_What is being asked_
Write every line below out again exactly, images omitted.

_Captioned web images_
---------------
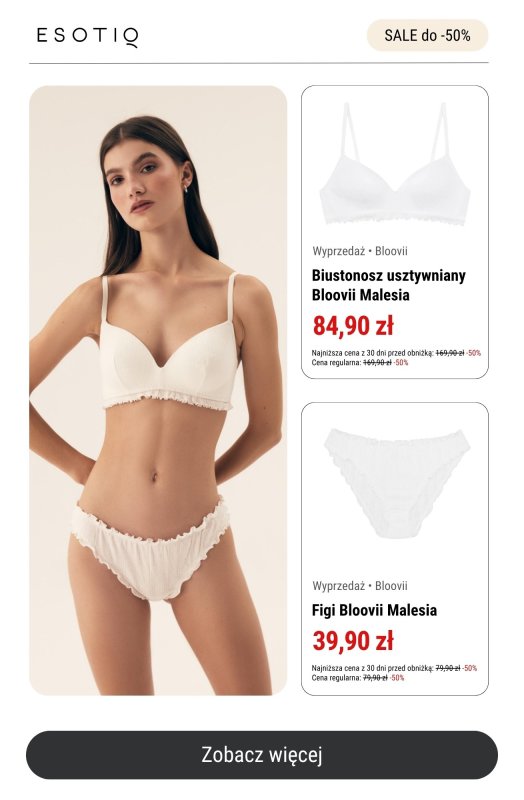 Esotiq - gazetka promocyjna DO -50% na jeszcze więcej produktów! od piątku 27.06  - strona 5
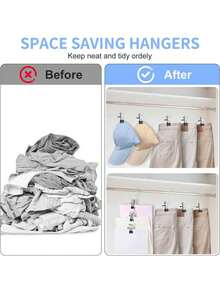 10pcs High-Quality Stainless Steel Clothing Clips, Adjustable Metal Pants Hanger And Clips, Portable Hanging Clothing Clips, Suitable For Home Space Storage And Organization, Suitable For Bedrooms, Wardrobes, Lockers, Homes, Dormitories, Clips For Pants And Skirts, Socks, Underwear, Tops And Other Clothes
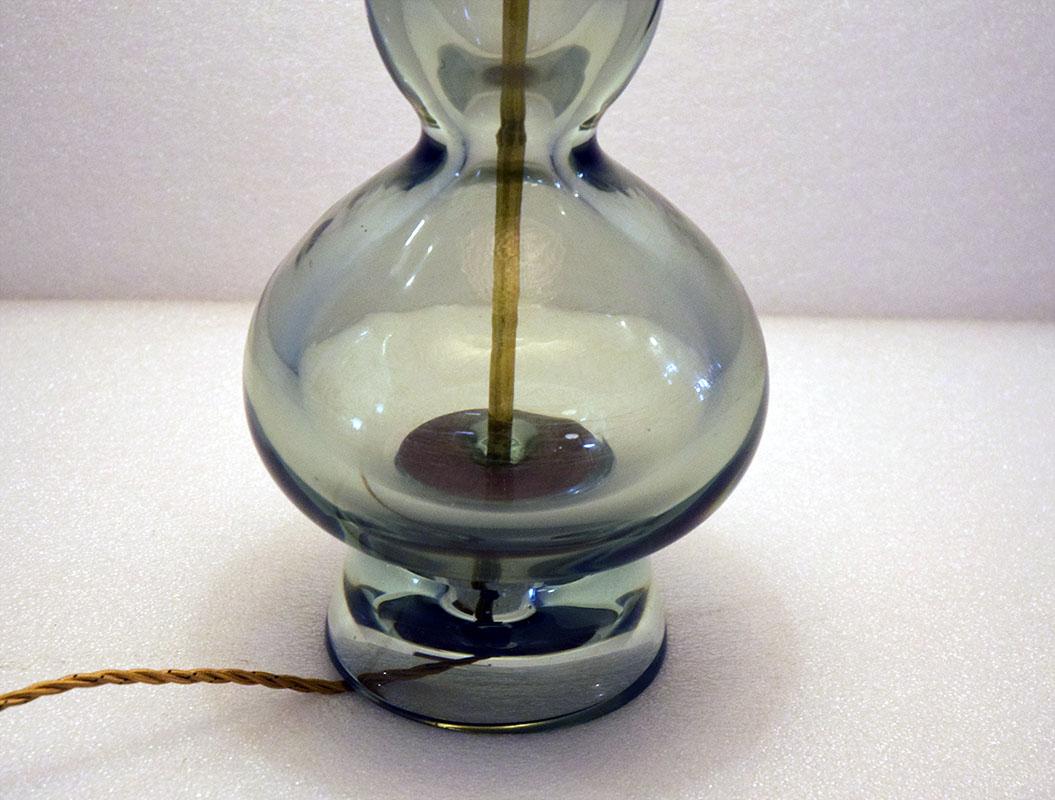 Milieu du XXe siècle Flavio Poli pour Seguso - Lampe de table de Murano des années 1950  en vente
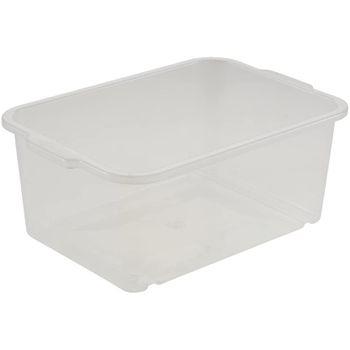 Caja De Almacenaje Plástico Keeeper Wilma 25 X 17 X 10 Cm Transparente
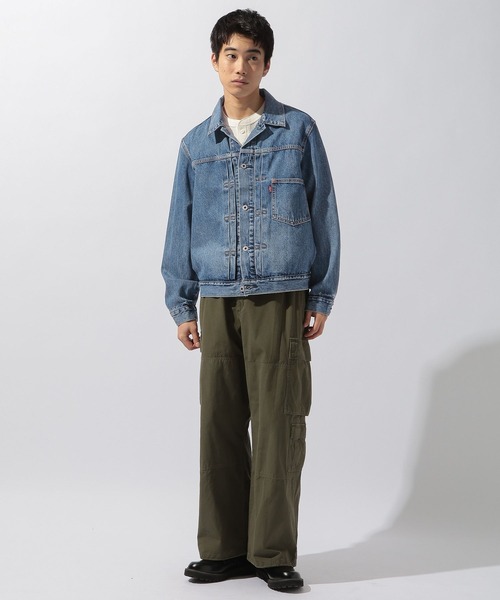 Levi's(リーバイス)の「【Levi's(リーバイス)】TYPE 1 TRUCKER(デニムジャケット・メンズ・インディゴブルー・MEDIUM)」の15枚目の写真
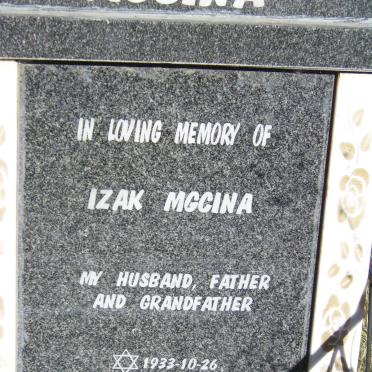MGCINA Izak 1933-1996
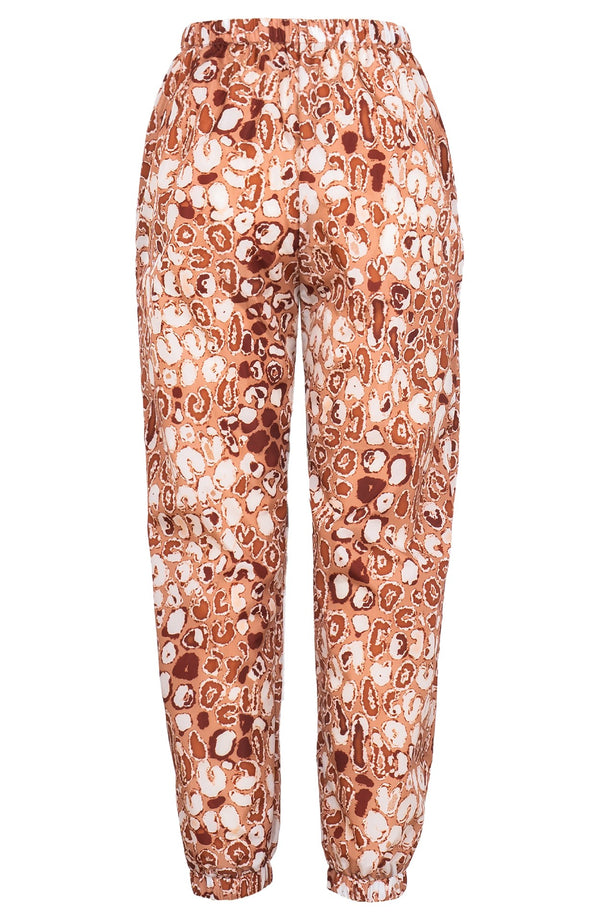 Tessa Pants Poliamide Taffta (Victoria Leopard Pastel)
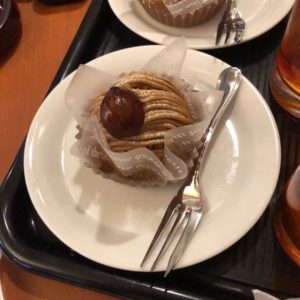 モンブランケーキの写真の画像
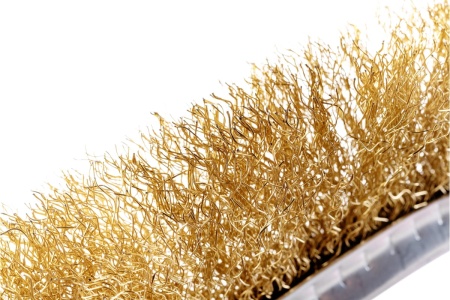 Щетка по металлу ROCKFORCE ручная, с пластиковой ручкой RF-HB140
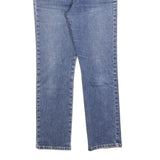 LEE Womens Blue Regular Fit Straight Denim Jeans W28 L29 Classic Cotton Blend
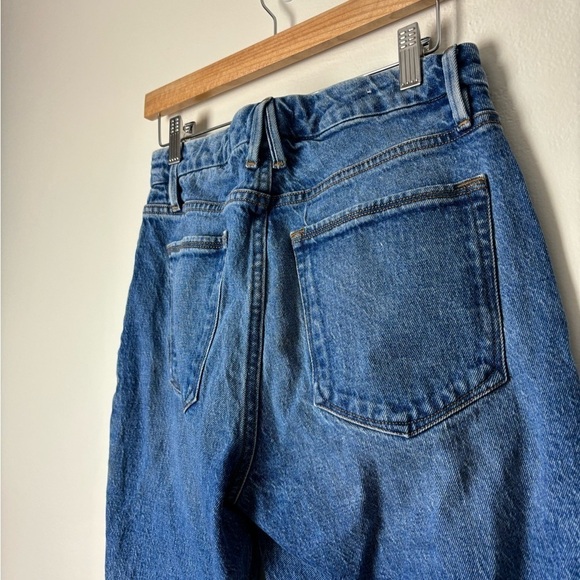 GOOD AMERICAN • Women’s Classic High Waist Raw Hem Jeans in Blue754 Size 6/28 - Picture 5 of 7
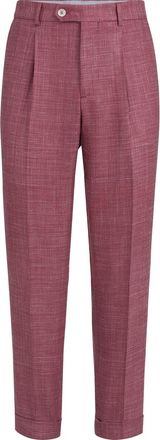 Brunello Cucinelli Hopsack trousers in Coral at Nordstrom, Size 54 It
---------------
_Exercise solution_
 Esotiq - gazetka promocyjna DO -50% na jeszcze więcej produktów! od piątku 27.06  - strona 5
 10pcs High-Quality Stainless Steel Clothing Clips, Adjustable Metal Pants Hanger And Clips, Portable Hanging Clothing Clips, Suitable For Home Space Storage And Organization, Suitable For Bedrooms, Wardrobes, Lockers, Homes, Dormitories, Clips For Pants And Skirts, Socks, Underwear, Tops And Other Clothes
 Milieu du XXe siècle Flavio Poli pour Seguso - Lampe de table de Murano des années 1950  en vente
 Caja De Almacenaje Plástico Keeeper Wilma 25 X 17 X 10 Cm Transparente
 Levi's(リーバイス)の「【Levi's(リーバイス)】TYPE 1 TRUCKER(デニムジャケット・メンズ・インディゴブルー・MEDIUM)」の15枚目の写真
MGCINA Izak 1933-1996
 Tessa Pants Poliamide Taffta (Victoria Leopard Pastel)
 モンブランケーキの写真の画像
 Щетка по металлу ROCKFORCE ручная, с пластиковой ручкой RF-HB140
 LEE Womens Blue Regular Fit Straight Denim Jeans W28 L29 Classic Cotton Blend
 GOOD AMERICAN • Women’s Classic High Waist Raw Hem Jeans in Blue754 Size 6/28 - Picture 5 of 7
 Brunello Cucinelli Hopsack trousers in Coral at Nordstrom, Size 54 It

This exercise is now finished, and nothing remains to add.